Hydrangeas Plus :: Pruning Tips

Pruning Tips

General

When to prune is mostly a matter of convenience. We have pruned both in the fall and early spring and had good results either way. It does seem that the later and the more harshly you prune that fewer flower blooms can be expected the next season. This is because most hydrangeas bloom on "old" wood. With young plants, be sure to prune enough growth to form them into a good "shape” and no more. This is generally 10 to 20 percent of the growth.

Unlike many of your other flowering bushes (roses and buddleia), hydrangeas should not be harshly pruned in the spring. Most hydrangea varieties bloom on old wood and if you cut too much, you won’t get any blooms. We recommend fall pruning after blooming is done. For us here in the Pacific Northwest, that means October. This allows for some active growth before the plant goes dormant.

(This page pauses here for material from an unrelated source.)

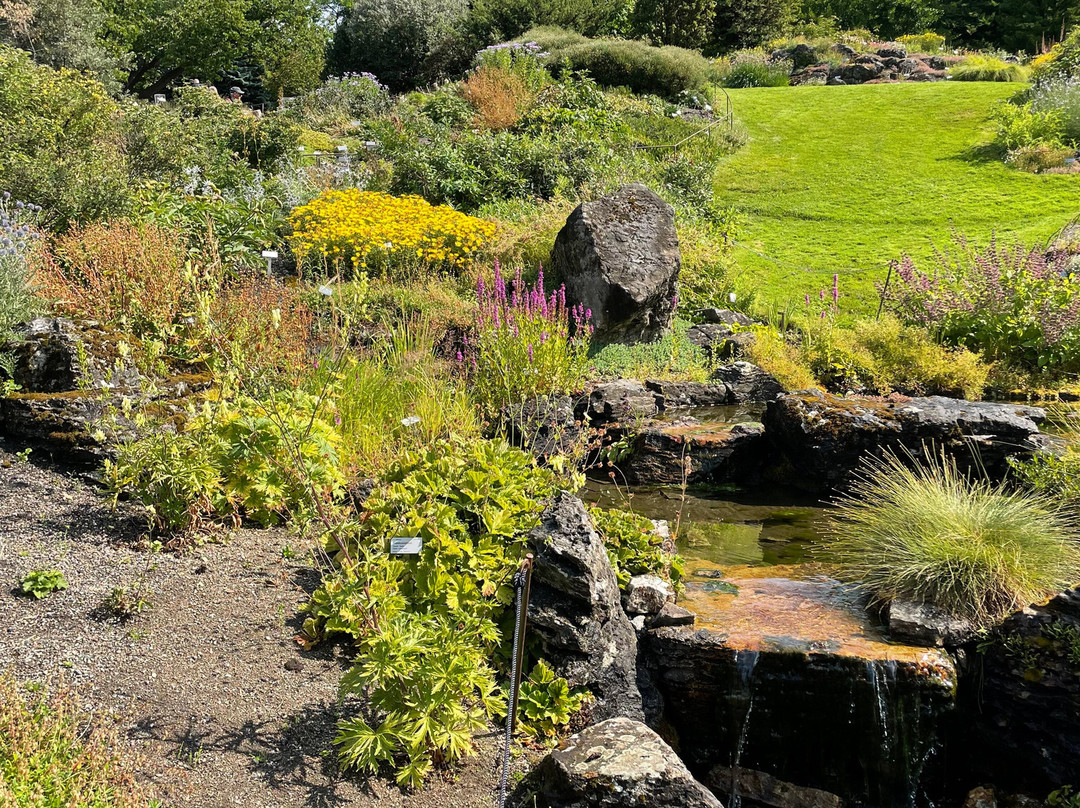 Botanical Garden-奥斯陆必去景点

If you miss fall pruning, you can still prune in the spring. Once your plant starts to leaf out and your last hard frost is about two weeks past, you can see the leaf nodes beginning to form. Count back from the end of the plant such that you have at least three fat and healthy leaf nodes forming. Prune right above the third one. You may want to wait until leaves are starting to show before you prune your macrophyllas so you don’t prune too much.

The Paniculata and Arborescens varieties bloom on new wood so you may cut them for size every year, spring or fall, whatever is most convenient for you.

More Pruning Tips

Newly planted hydrangeas need not be pruned except to shape into a shrub. Once established, hydrangeas can be pruned more severely to maintain height as described below.

You may prune in the fall after blooming or in the spring after the hard frosts are over. Remember, the later you prune and the more drastically you prune, the fewer blooms you'll have. Prune to the first leaf node of this year's growth as shown in Figure 1.

Figure 1
Figure 1

Cut 1/2" to 1" above a budding node at a 45 degree angle as shown in Figure 2. These buds will be the new leaves and blooms of your hydrangea. If you live in an area that is prone to spring frost, protect these buds with bed sheets or frost cloth (a light felt) on nights that frost is expected.

Figure 2
Figure 2

Established hydrangeas tend to have branches that die back every year. These are completely woody branches inside the hydrangea. Cut up to a dozen of these branches down to the ground as shown in Figure 3 to spur new growth at the base.